Challenge #8: people are better motivated by positive emotions, but leaders prefer to motivate with the negative
Negative drivers, such as ‘burning platforms speeches’, or ‘carrot and stick’ methods are poor motivators – but seem easy and immediate.
According to Goleman “We’re better motivated by positive emotions: it feels more meaningful and the urge to act lasts longer.”
The challenge is to translate this into action. At the Forton Group we train Leaders to create a clear vision of the future intended outcome – as a vision statement – that they can share with their teams.
This doesn’t mean that leaders don’t have to have a plan. Or that they aren’t committed to making that vision a reality.
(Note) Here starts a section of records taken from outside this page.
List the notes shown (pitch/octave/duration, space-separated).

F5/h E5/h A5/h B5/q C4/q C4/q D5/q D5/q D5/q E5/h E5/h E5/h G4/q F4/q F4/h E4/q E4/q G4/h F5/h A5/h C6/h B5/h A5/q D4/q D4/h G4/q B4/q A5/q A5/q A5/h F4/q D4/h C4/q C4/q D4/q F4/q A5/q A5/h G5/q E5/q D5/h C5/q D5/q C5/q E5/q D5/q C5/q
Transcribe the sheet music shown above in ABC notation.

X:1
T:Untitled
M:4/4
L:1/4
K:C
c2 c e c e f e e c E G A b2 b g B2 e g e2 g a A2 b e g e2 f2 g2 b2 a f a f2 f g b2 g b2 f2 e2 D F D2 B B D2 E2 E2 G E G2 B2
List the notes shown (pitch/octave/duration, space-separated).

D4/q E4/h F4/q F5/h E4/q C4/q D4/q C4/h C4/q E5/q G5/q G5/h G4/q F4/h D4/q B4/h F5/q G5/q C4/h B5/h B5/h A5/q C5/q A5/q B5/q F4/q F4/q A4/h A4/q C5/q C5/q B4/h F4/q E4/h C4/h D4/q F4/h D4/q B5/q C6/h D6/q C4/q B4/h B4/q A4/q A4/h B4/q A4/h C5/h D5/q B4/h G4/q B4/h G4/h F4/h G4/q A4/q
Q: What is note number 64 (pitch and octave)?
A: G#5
It’s just that, if the leader does everything s/he leaves nothing stimulating, inspiring or motivating for the team to deliver.
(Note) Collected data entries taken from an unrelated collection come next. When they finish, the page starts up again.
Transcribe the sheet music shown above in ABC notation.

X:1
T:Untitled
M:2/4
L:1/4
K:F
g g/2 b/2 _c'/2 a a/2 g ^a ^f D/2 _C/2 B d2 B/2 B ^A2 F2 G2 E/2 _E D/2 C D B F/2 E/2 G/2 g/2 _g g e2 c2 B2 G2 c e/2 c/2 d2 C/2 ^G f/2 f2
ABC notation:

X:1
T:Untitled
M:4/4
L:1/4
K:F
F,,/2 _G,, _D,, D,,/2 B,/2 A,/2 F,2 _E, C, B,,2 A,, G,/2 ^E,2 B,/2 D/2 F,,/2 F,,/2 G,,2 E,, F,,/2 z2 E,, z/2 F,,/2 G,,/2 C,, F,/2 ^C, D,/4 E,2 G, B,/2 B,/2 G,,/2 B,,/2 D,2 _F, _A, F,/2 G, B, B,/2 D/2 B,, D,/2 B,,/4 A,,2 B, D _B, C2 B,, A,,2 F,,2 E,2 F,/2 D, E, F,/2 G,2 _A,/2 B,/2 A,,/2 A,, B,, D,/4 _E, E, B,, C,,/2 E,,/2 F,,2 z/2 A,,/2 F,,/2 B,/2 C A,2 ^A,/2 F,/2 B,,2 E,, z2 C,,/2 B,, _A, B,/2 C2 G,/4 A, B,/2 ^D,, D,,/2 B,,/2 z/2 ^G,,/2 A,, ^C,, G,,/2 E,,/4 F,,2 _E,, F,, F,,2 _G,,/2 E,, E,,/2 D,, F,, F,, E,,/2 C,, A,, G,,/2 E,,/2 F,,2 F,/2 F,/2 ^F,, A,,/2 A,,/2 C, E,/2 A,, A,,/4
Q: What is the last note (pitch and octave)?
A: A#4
Having a clear vision means that it’s so much easier to prepare for a particular journey when you know where you’re going to end up. It’s also easier for leaders, because it reduces the need to micro-manage how to get there and what to do.
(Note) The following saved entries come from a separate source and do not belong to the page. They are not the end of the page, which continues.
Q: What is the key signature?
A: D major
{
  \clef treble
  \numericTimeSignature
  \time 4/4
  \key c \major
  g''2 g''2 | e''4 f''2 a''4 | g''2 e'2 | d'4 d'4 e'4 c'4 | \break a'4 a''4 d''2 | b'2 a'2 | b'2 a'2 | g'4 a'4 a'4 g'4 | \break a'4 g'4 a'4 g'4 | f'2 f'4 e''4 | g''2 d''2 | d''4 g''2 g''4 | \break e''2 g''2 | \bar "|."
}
So many leaders believe that it’s their job to think up all the solutions.
This is a lonely, stressful and isolating place to be.
One of my coaching clients was regularly demotivated by her boss, who told the team “Don’t worry, it’s my job to work out the solutions.”
Many micro-managing bosses believe that they need to understand, fully, what their team members ‘do’. They don’t understand how this, in itself, saps peoples’ morale.
Particularly because it gives bosses a false sense of power over their team members – to wield threats like sticks to beat people with.
Far better to build relationships of trust and delegation. Where every member of the team knows that they have a valuable role to play and contribute to the success of the whole.